• As we may think
  • Posts
  • The $25 prompt, and optimizing agentic coding for desktop and web

The $25 prompt, and optimizing agentic coding for desktop and web

Coding agents are having a moment.

The model gets most of the credit, but the experience lives in the details.

The craft is everything that makes the agent feel dependable—smooth streaming, clear progress, reliable tools, and safe defaults.

That’s the context for this post: a recent Memex Web release where we shipped a bunch of behind-the-scenes improvements that make the agent feel faster, clearer, and more reliable.

How we got here: we started desktop-first

Memex started as a desktop-native coding agent. That choice wasn’t about nostalgia—it was pragmatic. On desktop, you can do real work with fewer compromises: local files, a local terminal, local compute, and a tight feedback loop.

But desktop isn’t “easy mode.” Shipping a real agent means a lot of invisible integration work:

  • Windows / macOS / Linux support

  • Intel + ARM support

  • a one-click install where dependencies just work

  • cross-platform compiled bits that behave consistently everywhere

Getting an agent to feel solid across that matrix is its own kind of craftsmanship—turning “works on my machine” into “works on every machine.”

Then we took the agent to the web (a different kind of hard)

The web flips the problem.

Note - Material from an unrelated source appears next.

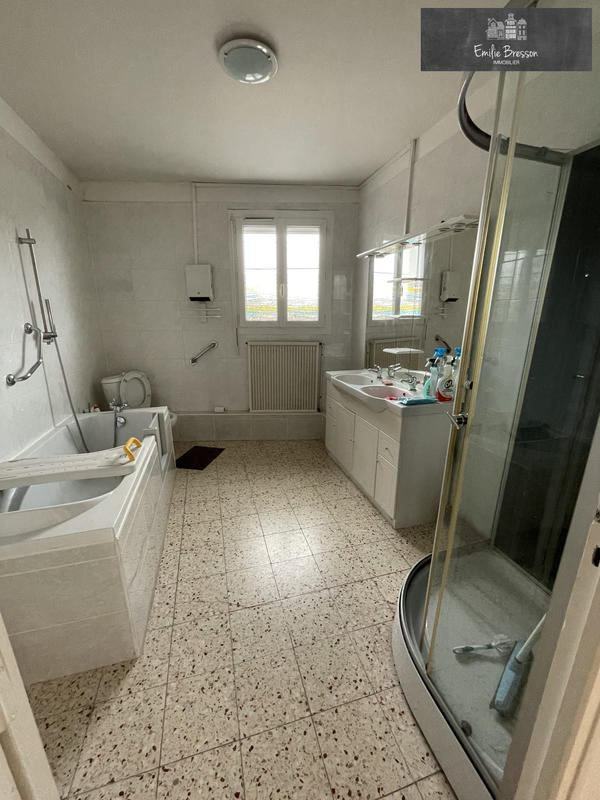 Maison - 140 m² - 4 pièces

The environment isn’t local anymore—we have to provide it.

That means we’re responsible for things the desktop gets “for free”:

  • where code runs (a managed sandbox, not your laptop)

  • security isolation and permissions

  • long-lived streaming connections (terminal output, tool progress)

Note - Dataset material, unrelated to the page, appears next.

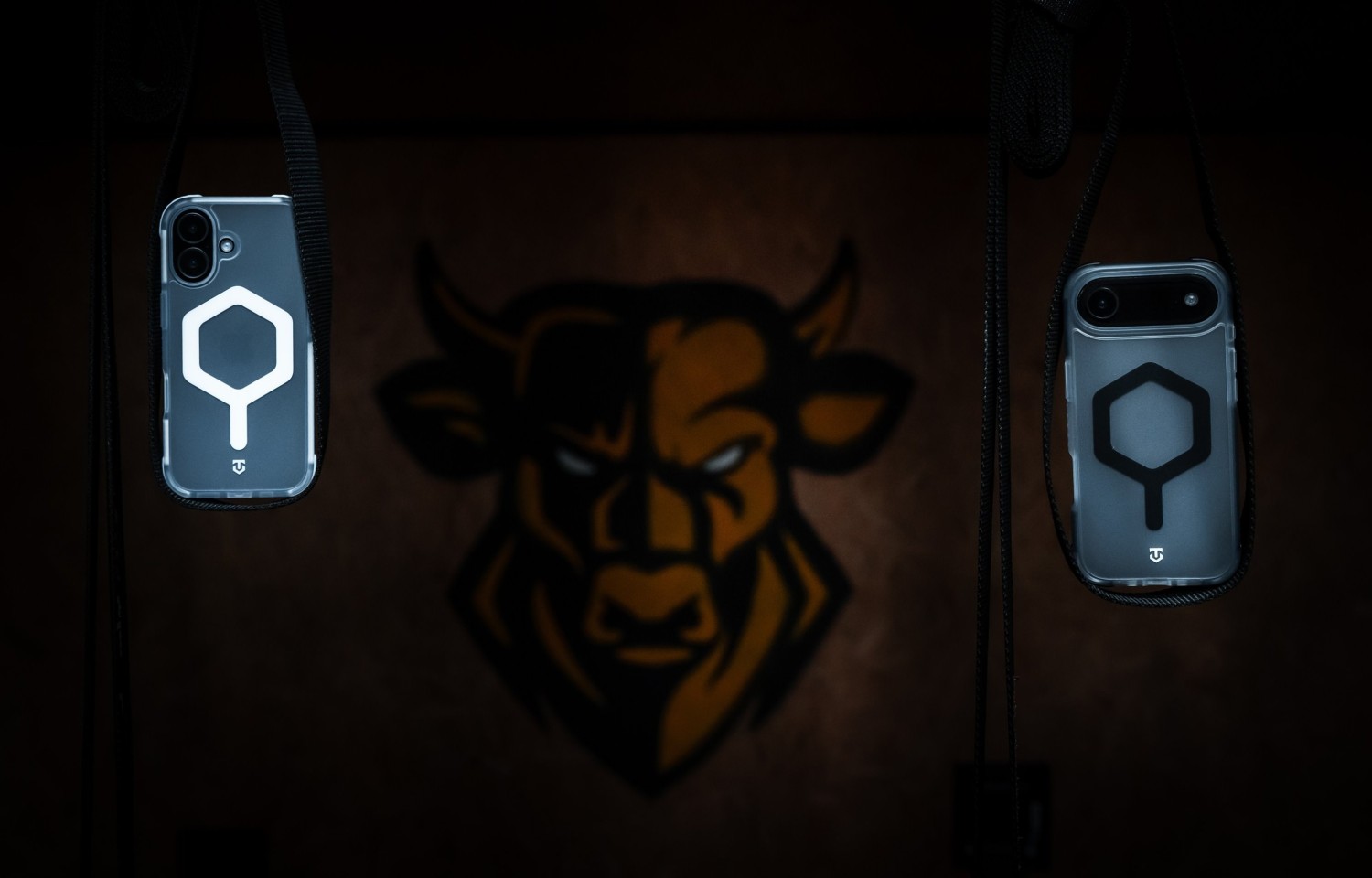 Tactical MagForce Hexagon Kryt pro Apple iPhone 16 Pro T-Black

  • publishing pipelines (so shared apps are real, not screenshots)

  • performance under real network conditions, across browsers and screen sizes

The real challenge: one agent that works well everywhere

Here’s the part that’s harder than shipping “desktop” or “web” in isolation: We’re building one coding agent that behaves consistently across all of those environments.

Same core agent. Same expectations. Same “this feels solid” experience—whether you’re on desktop, in a browser tab, or on a phone.

This is also where the gap between POC and product shows up. You can prototype an agentic app builder quickly. But shipping it as a product means getting the details right, consistently: responsive streaming, legible progress, reliable tool execution, safe defaults, predictable cost, and gracefully handling the edge cases that only appear when real users bring real data.

Below are five changes from this release that are representative of that craft layer. None of them are flashy. All of them matter.

1) Streaming that actually streams

One place the web adds real complexity is streaming. Every extra hop (databases, usage tracking, polling) becomes another opportunity for jitter to leak into the experience.

If the agent is “streaming,” it should feel like streaming—not like a stuttery sequence of half-pauses.

This is one of those places where the implementation details show up immediately in UX. A 50–150ms delay per chunk doesn’t sound dramatic until it happens dozens of times in a single response. Then the whole product feels sluggish, even if the model is fast.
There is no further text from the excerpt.